ISLAMABAD (Reuters) -- The United States should not put conditions on an expected substantial increase in U.S. aid to its ally Pakistan, Pakistan's prime minister told visiting U.S. Senator John Kerry on April 13.
Nuclear-armed Pakistan is crucial to U.S. efforts to stabilize neighboring Afghanistan and to peace in south Asia.
It is also struggling to stem surging Islamist violence and put back on track an economy being kept afloat with the help of a $7.6 billion International Monetary Fund loan.
Pakistan is due to make its case for help to its allies and aid donors on April 17 at meetings in Tokyo, where it hopes to win $4 billion-6 billion in aid over the next two years to fill a financing gap.
The United States is expected to make a pledge of substantial help, although U.S. President Barack Obama has said the release of additional aid to Pakistan would depend on how it tackled terrorism.
Prime Minister Yousaf Raza Gilani told Kerry, chairman of the U.S. Senate Foreign Relations Committee, that Pakistan needed unconditional help.
"The prime minister told Mr.
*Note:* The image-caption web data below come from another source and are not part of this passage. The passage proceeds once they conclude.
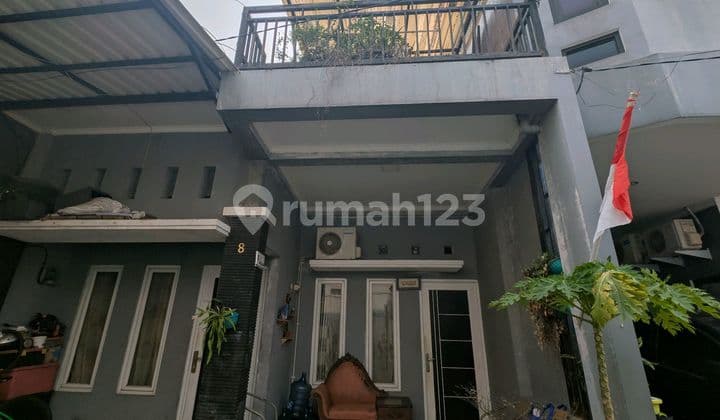 Acrbanten" Rumah Murah 2 Lantai Bagus SHM di Perumahan Nuansa Asri Cipadu, Jl. K.H. Wahid Hasyim, Jurang Manggu Timur, Pondok Aren, Kota Tangerang Selatan, Banten, Indonesia, 15222, Pondok Aren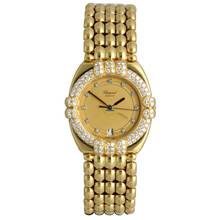 Thumbnail von Chopard Gstaad 18K.Yellow Gold Diamonds Setting 143 grams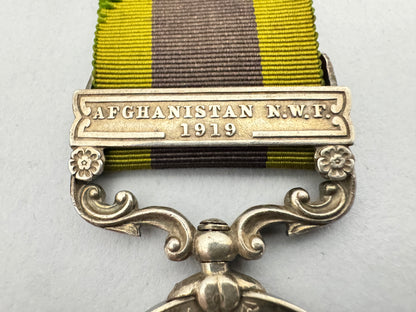 British India General Service Medal (GSM) AFGHANISTAN N.W.F.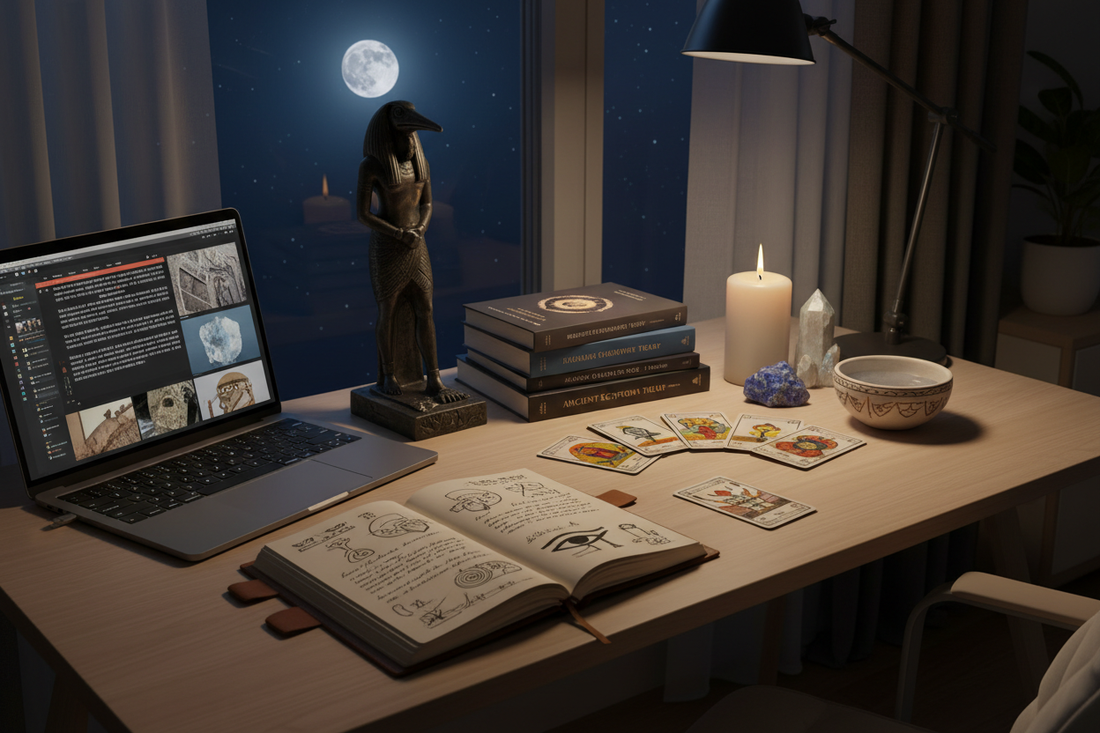 Working with Thoth: Modern Practice - Nicole's ritual universe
Kerry not to attach conditions to the assistance," Gilani's office quoted him as saying.
Kerry, who arrived in Islamabad earlier in the day and was due to brief reporters later, said additional U.S. aid was aimed at spurring social development.
Kerry is pushing a bill, along with a ranking Republican on his committee, Richard Lugar, for a tripling of non-military aid to Pakistan to $1.5 billion a year for five years.
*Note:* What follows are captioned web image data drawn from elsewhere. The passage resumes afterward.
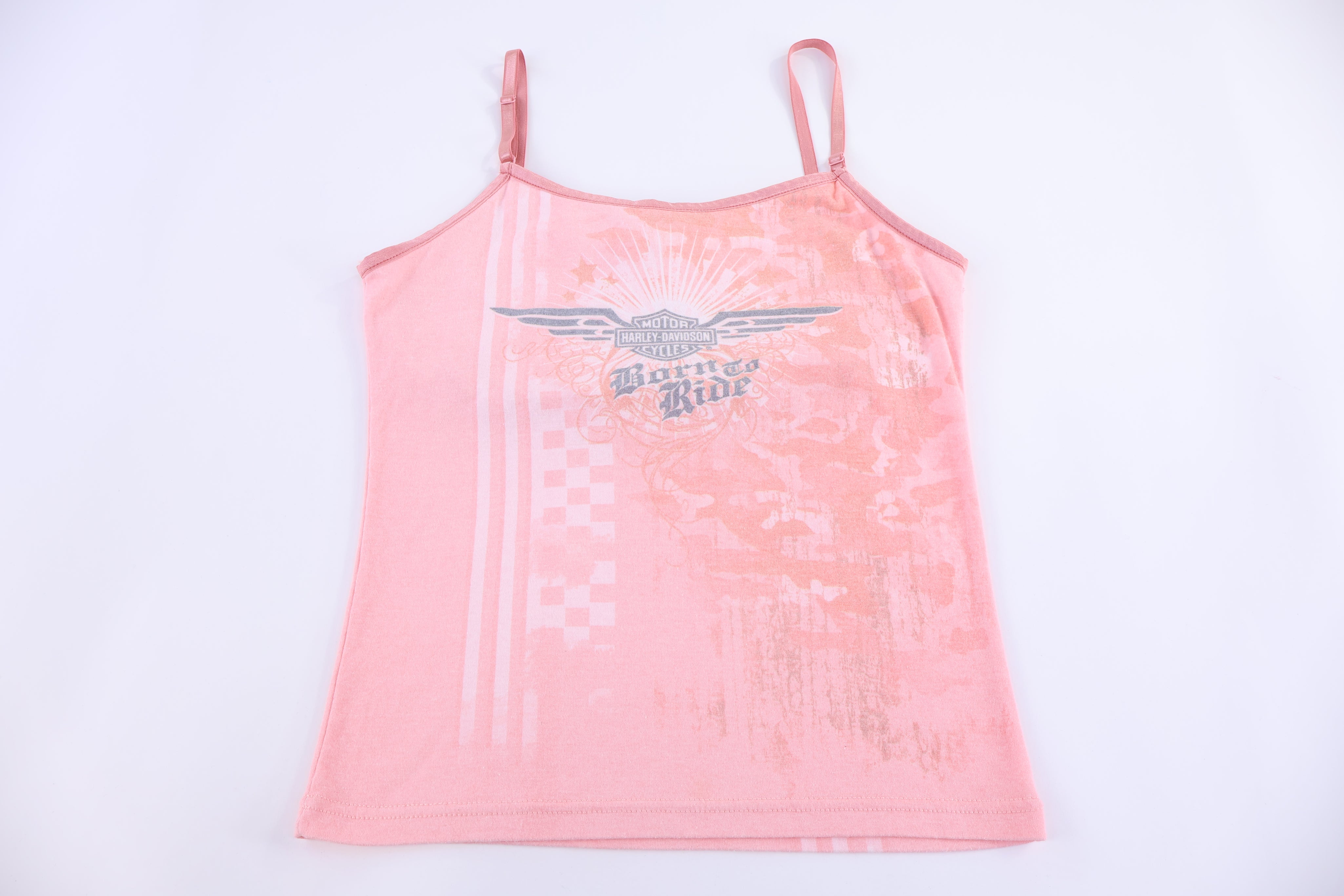 Women's Harley Davidson Motorcycles Tank Top - Jerseys/Tanks - Thrifted Threads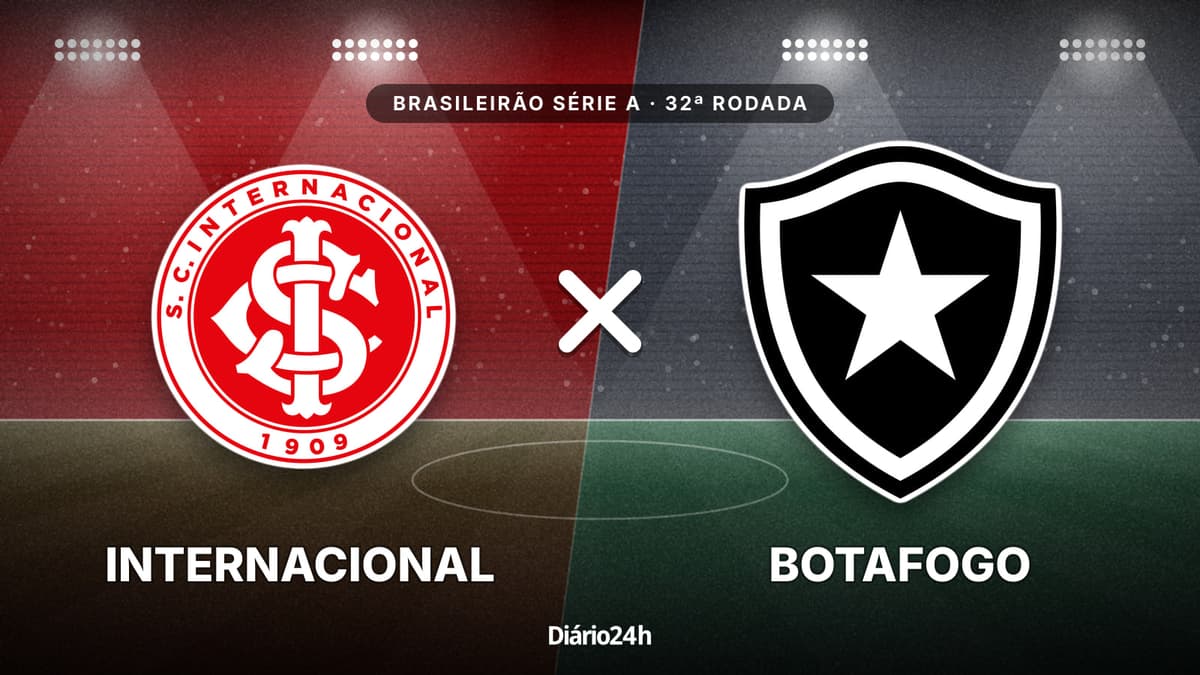 Internacional x Botafogo ao vivo: onde assistir, horário e escalações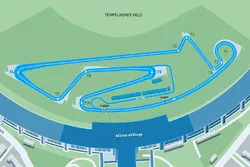 Streckenlayout: ePrix Berlin 2017
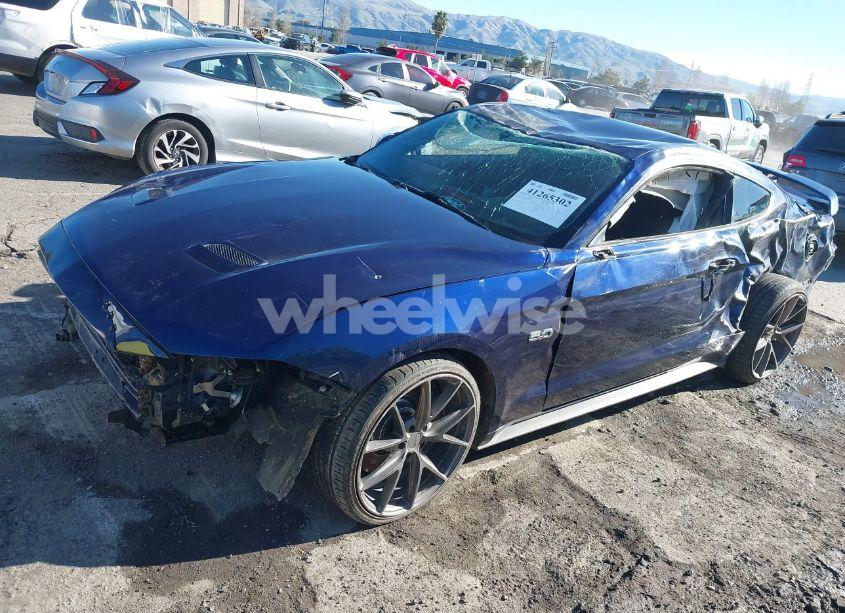 Photo 2 of 2018 Ford Mustang GT (VIN 1FA6P8CFXJ5109144)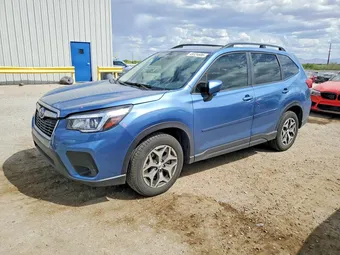 2020 Subaru Forester JF2SKAJC5LH548651 Lot 49324686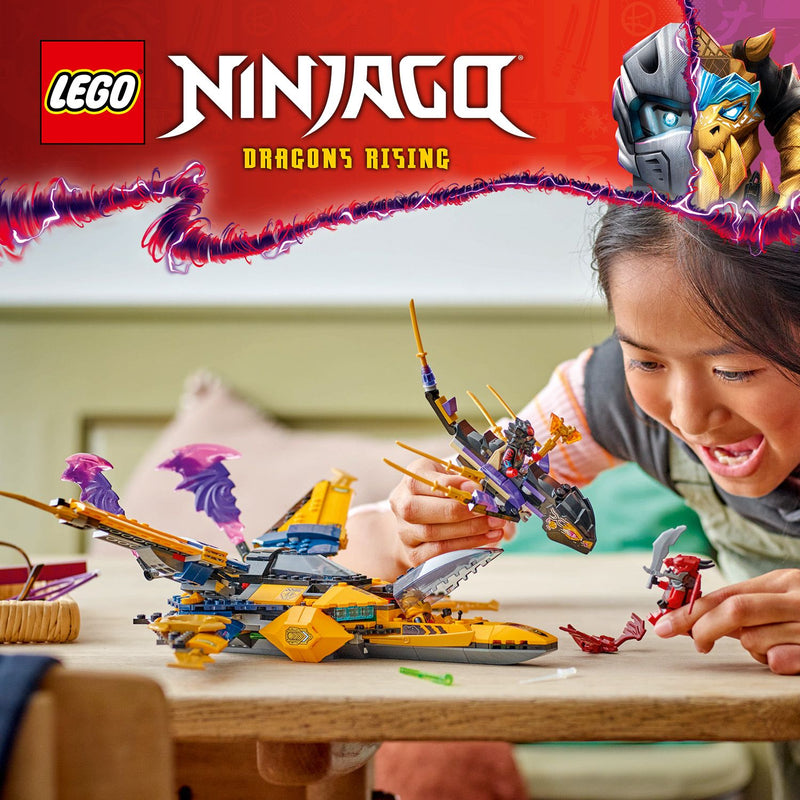 LEGO Ras &amp; Arins Super-Sturmflugzeug 71833 Ninjago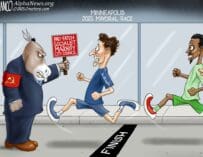 Branco Cartoon – The Finish Line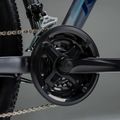 Bicicletta da montagna KROSS Hexagon X200 29" grey/blue/matte 12
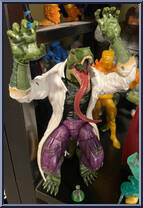 Lizard [Build-A-Figure] from Marvel Legends - Infinite Series - Lizard Series manufactured by Hasbro [Loose]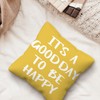 kdqua It’s a Good Day Kids Room Pillow Covers 18x18,
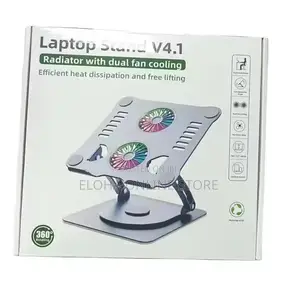 Multifunction Laptop Stand V4.1 With Electric Dual Fan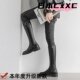 新款 骑士靴女款 高筒2025秋冬季 马靴小个子长筒不过膝靴子女马YY30
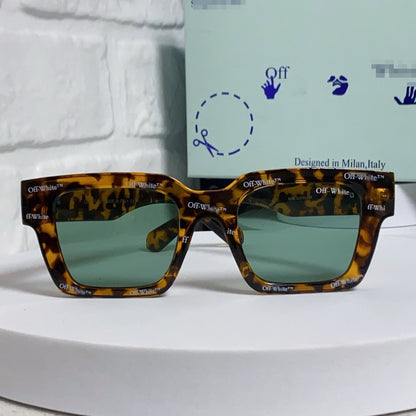 OFF-Whlte Arrow logo sunglasses#003 4-Bar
Differences between Pakistan and the United States emerged last week during a visit by U.S. special envoy to Afghanistan and Pakistan Richard Holbrooke and Admiral Mike Mullen, chairman of the U.S. Joint Chiefs of Staff.
Pakistan objects to missile strikes by pilotless U.S. drones on militants in Pakistan, saying they violate its sovereignty and are counterproductive in fighting terrorism.
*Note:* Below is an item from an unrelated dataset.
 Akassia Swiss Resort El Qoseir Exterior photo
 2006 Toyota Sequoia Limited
Pakistan has also been angered by U.S. accusations that elements in its military's Inter-Services Intelligence agency had contact with, or even provided support to, militants.
Pakistan for years used Islamists to further objectives in Afghanistan and Kashmir, which both Pakistan and India claim, but it has denied accusations it has maintained support.
Gilani said relations between Pakistan and the United States should be based on mutual respect and trust.
Pakistan's “Dawn” newspaper said recently that conditions would be included in the U.S. aid bill requiring Pakistan to stop support to any person or group aiming to hurt India.
Pakistan has for years supported separatist Muslim militants fighting Indian rule in Kashmir. Pakistan says the militants are waging a legitimate campaign for self-determination.
India has also accused Pakistan of backing militants who have attacked Indian cities, including Mumbai in November.
Pakistan denies any involvement by state agencies in such attacks.
Another condition to be included in the U.S. aid bill, “Dawn” reported, was that Pakistan ensures access to individuals suspected of supporting nuclear proliferation.
Pakistan has turned down requests by foreign investigators to question its disgraced nuclear scientist, Abdul Qadeer Khan, who admitted in 2004 to passing nuclear secrets to other countries.
Gilani said on the weekend Pakistan would not accept aid on conditions that went against its national interests.